Jeff Wall, Hillside near Ragusa, 2007
I went to Jeff Wall’s show at White Cube unsure quite what to expect. At some point when I wasn’t paying attention, Wall left behind the elaborate tableaux and sometimes less than obvious references to the history of painting and started to tell different stories – somehow simultaneously simpler and more complex – through his photographs. The work here is from two separate bodies of work that feel in some ways as though they could have been made by two different people.
In the ground floor space there are three photographs of the Sicilian landscape. Described as ‘documentary pictures’ in the press release, these tell of a landscape fundamentally unchanged over time but one in which the modern world is nonetheless constant visual presence. The drystone walls in Hillside near Ragusa might have been there for centuries staying low to blend into their surroundings; man is not a recent incomer to this place. By contrast, the electricity pylons stride across the hillside with a confidence that its natural inhabitants – the short, windswept trees growing on the low ground – don’t seem to share.
Downstairs things feel very different. Here the pictures are populated, and seem staged to a greater or lesser extent, though the stories they tell still seem to suggest an underlying truth. Here, the narrative comes in part from the pictures and in part from their titles which, whether in one word or many, describe the images in what seem at least to be factual terms.
Jeff Wall, Ivan Sayers, costume historian, lectures at the University Women’s Club, Vancouver, 7 December 2009. Virginia Newton-Moss wears a British ensemble c. 1910, from Sayers’ collection, 2009
The precision of the title of Ivan Sayers, costume historian, lectures at the University Women’s Club, Vancouver, 7 December 2009. Virginia Newton-Moss wears a British ensemble c. 1910, from Sayers’ collection allows no space for speculation. The narrative of the lecture is played out in two planes. In the foreground, the costume historian and his model stand side by side in a setting more like a ballroom than a lecture hall. At first glance, they are all I see. But the audience are here too, reflections in the mirrored doors. They listen intently making the picture a dialogue between audience and speaker. The model – so poised and still I looked closely to check that she was real – seems simultaneously the focus of the picture and the most incongruous element within it.

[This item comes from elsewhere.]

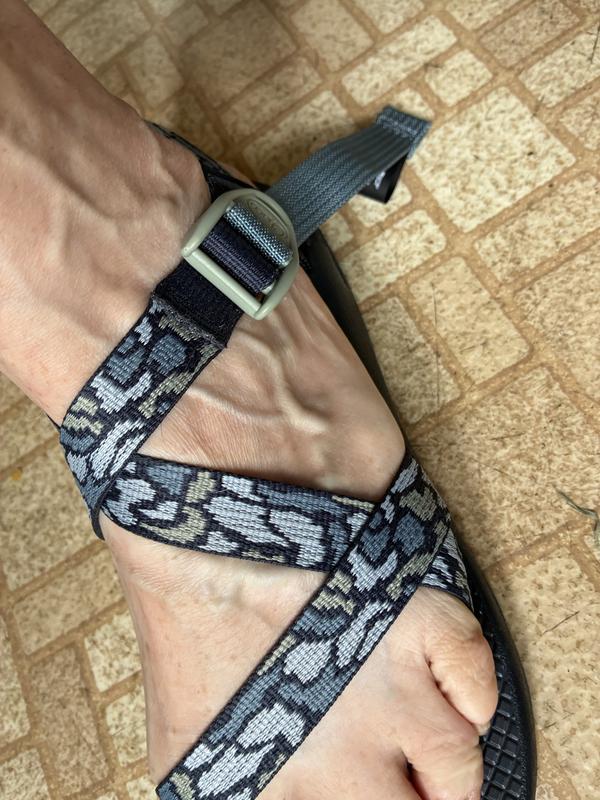 Customer photo for "Comfy, excellent for walking, but straps too long"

The picture here that feels the most natural and at the same time the most fictitious is Boy falls from tree. The fall looks convincing though it clearly can’t be. Ultimately, my assumption that this boy’s fall was staged and digitally constructed doesn’t make the picture feel any the less like a scene I recognise as ‘true’. Representation and reality can’t stay apart, they depend on one another too much.
Jeff Wall is at White Cube, Mason’s Yard, London SW1Y until tomorrow (Saturday 7 January 2012)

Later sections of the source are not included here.